◆ Activity ◆
What are the lines, word for word, from the line with "Video Conference Illustration" up to and including the line with "Error Free White/Amber" in the records below? Omit the pictures.

◆ Data for this exercise ◆
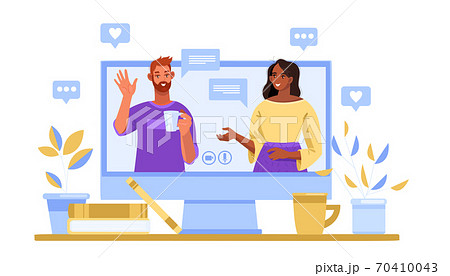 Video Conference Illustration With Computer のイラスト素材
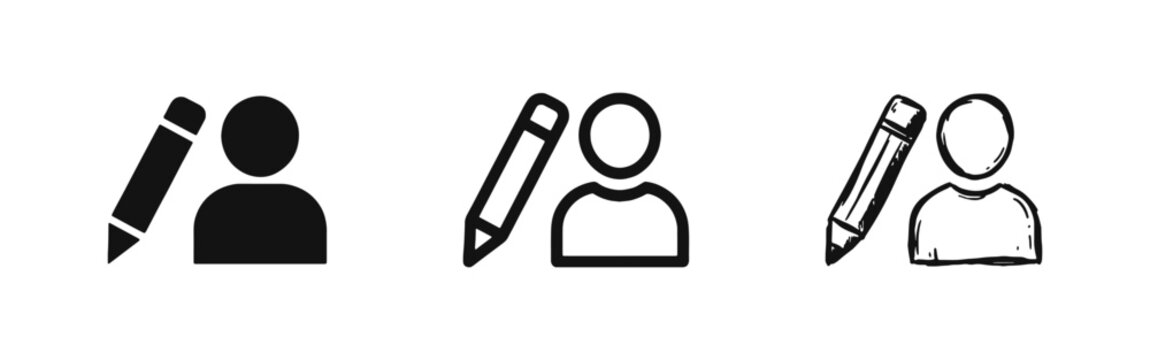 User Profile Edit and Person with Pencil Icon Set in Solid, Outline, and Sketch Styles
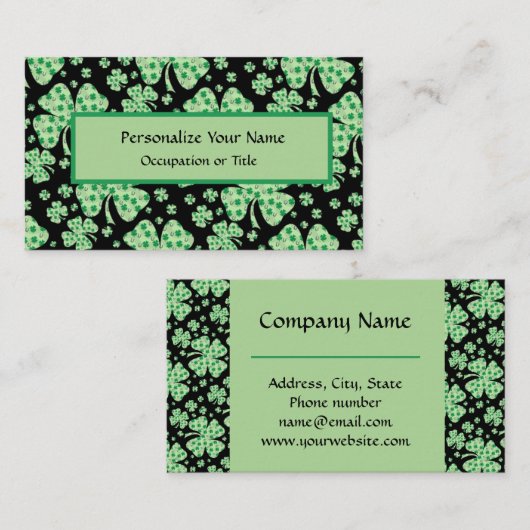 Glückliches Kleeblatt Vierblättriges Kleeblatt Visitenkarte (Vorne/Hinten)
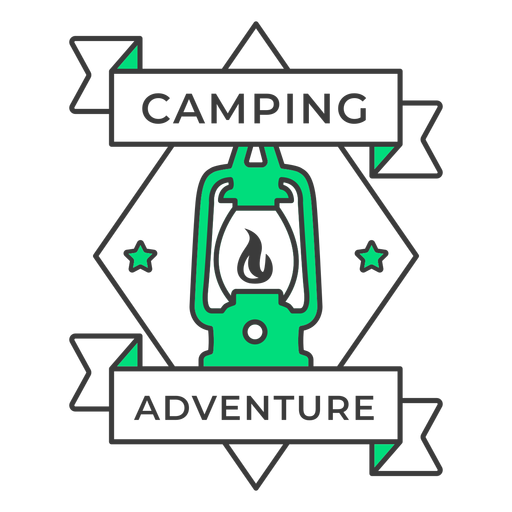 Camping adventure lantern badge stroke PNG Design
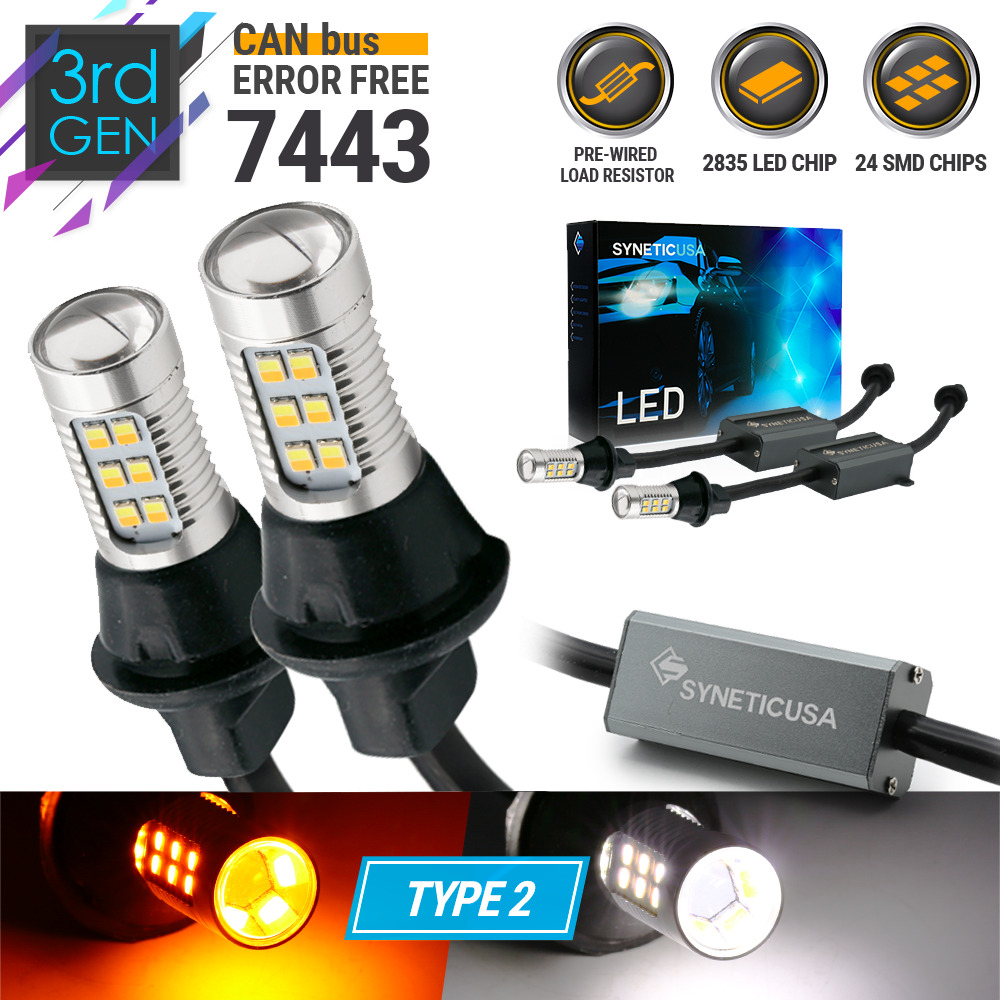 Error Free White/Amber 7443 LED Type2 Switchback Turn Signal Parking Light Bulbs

--

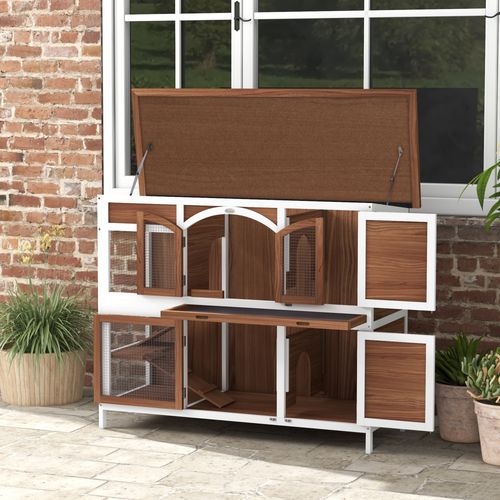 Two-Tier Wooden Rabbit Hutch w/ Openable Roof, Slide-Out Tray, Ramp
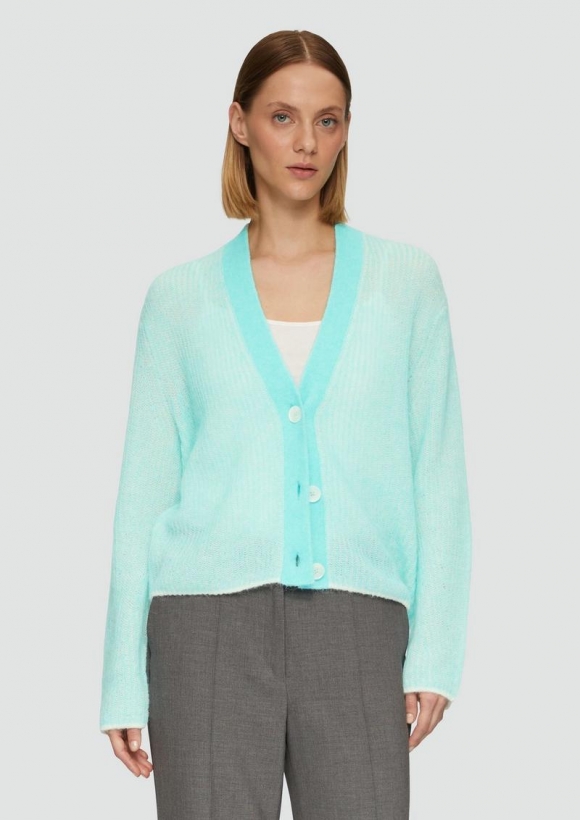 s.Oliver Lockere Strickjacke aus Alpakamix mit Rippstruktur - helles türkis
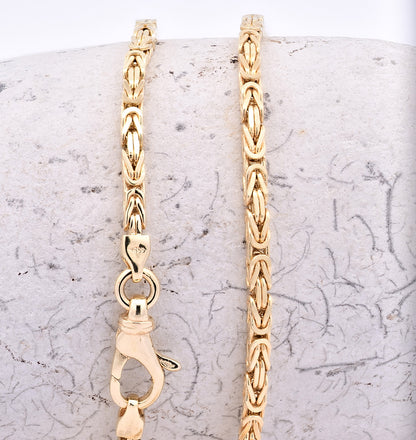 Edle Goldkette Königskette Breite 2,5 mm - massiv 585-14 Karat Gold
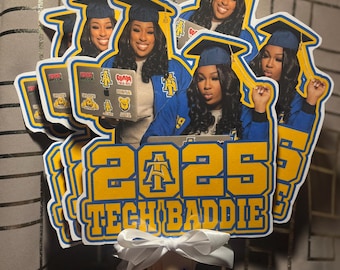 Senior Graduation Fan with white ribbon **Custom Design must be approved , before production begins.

◆ Solution to this exercise ◆
 Video Conference Illustration With Computer のイラスト素材
 User Profile Edit and Person with Pencil Icon Set in Solid, Outline, and Sketch Styles
 Glückliches Kleeblatt Vierblättriges Kleeblatt Visitenkarte (Vorne/Hinten)
 Camping adventure lantern badge stroke PNG Design
 Error Free White/Amber 7443 LED Type2 Switchback Turn Signal Parking Light Bulbs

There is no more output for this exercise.